No Thanks!

They say that when you have a baby you get all sorts of people giving you advice on how to raise your child, how to dress him or her, etc. Now so far, except for my elderly neighbors telling me that it’s too cold to take the baby out (and it’s only 5 degrees… What are people in Québec supposed to do, stay indoors from October to May?), I can’t say I have experienced that yet, but I know what it’s like since I have been down that road with our dog.

When you have a dog, especially a cute-looking one like ours (and I’m just slightly biased), everyone wants to give them cookies. Now, our dog is rather well behaved, only rarely jumping on strangers, but if he sees food he loses any manners we tried so hard to give him and turns into a real Tasmanian devil. He becomes uncontrollable and jumps on the cookie-bearer, who usually gets scared and drops the cookie in the dog’s mouth, therefore reinforcing the bad behavior.  And he has a truly astounding memory, so whenever he sees that person again he will go nuts and jump all over them. That’s why very early on we decided not to allow strangers to give him cookies. We can do it, because we will stick to our guns and not let him have a cookie if he is not politely sitting or lying down. But we don’t let other people do it.

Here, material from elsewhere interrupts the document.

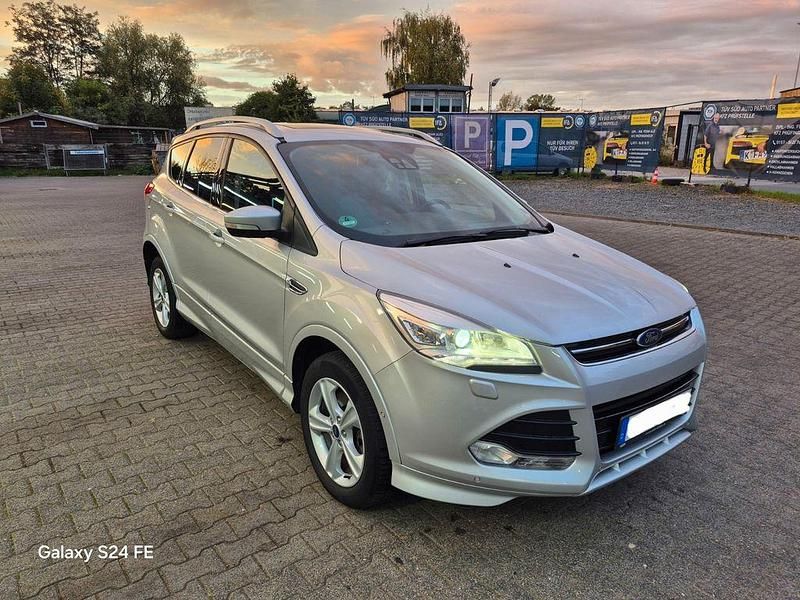 Silber Gebraucht 2016 Ford Kuga Titanium SUV | 11.500 € (Guter Preis) - Bild 1/4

A few weeks back, a mailman gave Sherpa a cookie before I had time to stop him. Ever since, my dog thinks all mailmen in uniform are cookie bearers. Luckily, our mailman (which I see at least once a week) is really nice and takes it in strides, even helping me calm my little tornado when I’m out with him and the baby trying to control one while stopping the other one from crying (I let you guess which is which). But this morning, I ran again into the mailman who gave him a cookie the first time. He was coming towards us from a distance and I said “No cookie, please”. But he got one out of his pocket anyway. I said louder, “No cookie”, then yelled “No!” as he just threw the cookie at the dog and then turned his heels and quickly walked the other way, leaving me fuming on the street corner.

What, is there another meaning to no that I don’t know of? What if my dog was allergic to that cookie?

Sometimes I find people so frustrating…

3 Responses to “No Thanks!”

  1. Danielle Says:

    Ces gens sont les pires de tous… Ceux qui croient tellement qu’ils savent mieux que les autres ce qu’il faut faire qu’ils passent devant… Exactement comme ma belle-mère qui gave mes enfants de bonbons malgré mes multiples interdictions… Mais bon, c’est quand même pas le facteur…

  2. sophie Says:

    Au moins je n’aurai pas ce problème là… Ma belle-mère est diététiste, et elle donnait des barres tendres (santé) à l’Halloween aux pauvres enfants qui n’avaient pas encore compris. On a dù lui demander de donner moins de gâteries au chien, mais c’étaient des carottes!

  3. Danielle Says:

    J’aimerais bien que ma belle-mère donne des carottes à mes enfants…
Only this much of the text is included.